Highly Performant, Deep Neural Networks with sub-microsecond latency on FPGAs for Trigger Applications

2020-01-07T04:47:44Z (GMT) by Christian Schmitt Christian Kahra
Artificial neural networks are becoming a standard tool for data analysis, but their potential remains yet to be widely used for hardware-level trigger applications. Nowadays, high-end FPGAs, as they are also often used in low-level hardware triggers, offer theoretically enough performance to allow for the inclusion of networks of considerable size into these system for the first time. This makes it appear very promising and rewarding to optimize a neural network implementation for FPGAs in the trigger context. We present a bottom-up approach of implementing neural networks on FPGAs. For this, we analyzed how typical NN layers could have their processing, data flow and controlling implemented to not only take the trigger environment constraints into account, i.e. incoming data rates of up to multiple tens of MHz and sub-microsecond latency limits, but to also make very efficient use of the resources of the FPGA. This allowed us to develop a highly optimized neural network implementation framework, which typically reaches 90 to 100 % computational efficiency, requires few extra FPGA resources for data flow and controlling, and allows latencies in the order of 10s to few 100s of nanoseconds for entire (deep) networks. Among the implemented layers are 2D convolutions and pooling (both with multi-channel support) as well as dense layers, all of which play a role in many physics-/detector-related applications.
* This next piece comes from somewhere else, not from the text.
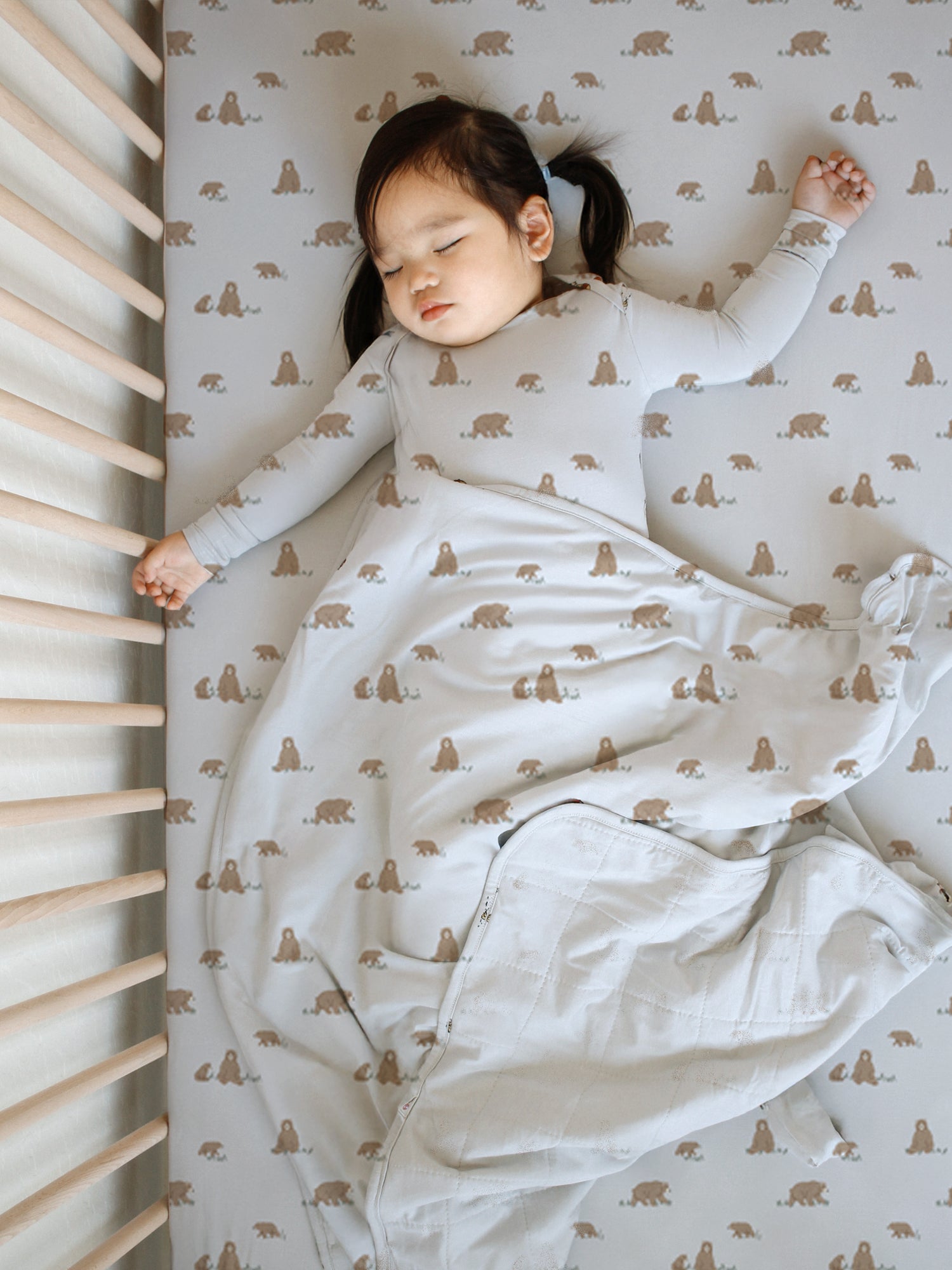 Cloud Blanket - Teddies / 2.5 TOG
Significant effort needed to be put especially into the 2D convolutional layers, as a fast and simultaneously resourceful implementation is quite challenging. Results are presented for individual layers as well as entire networks. The FPGA implementations of those example networks were automatically generated from trained NN models by our supplementary toolkit, which was built around the optimized layer framework.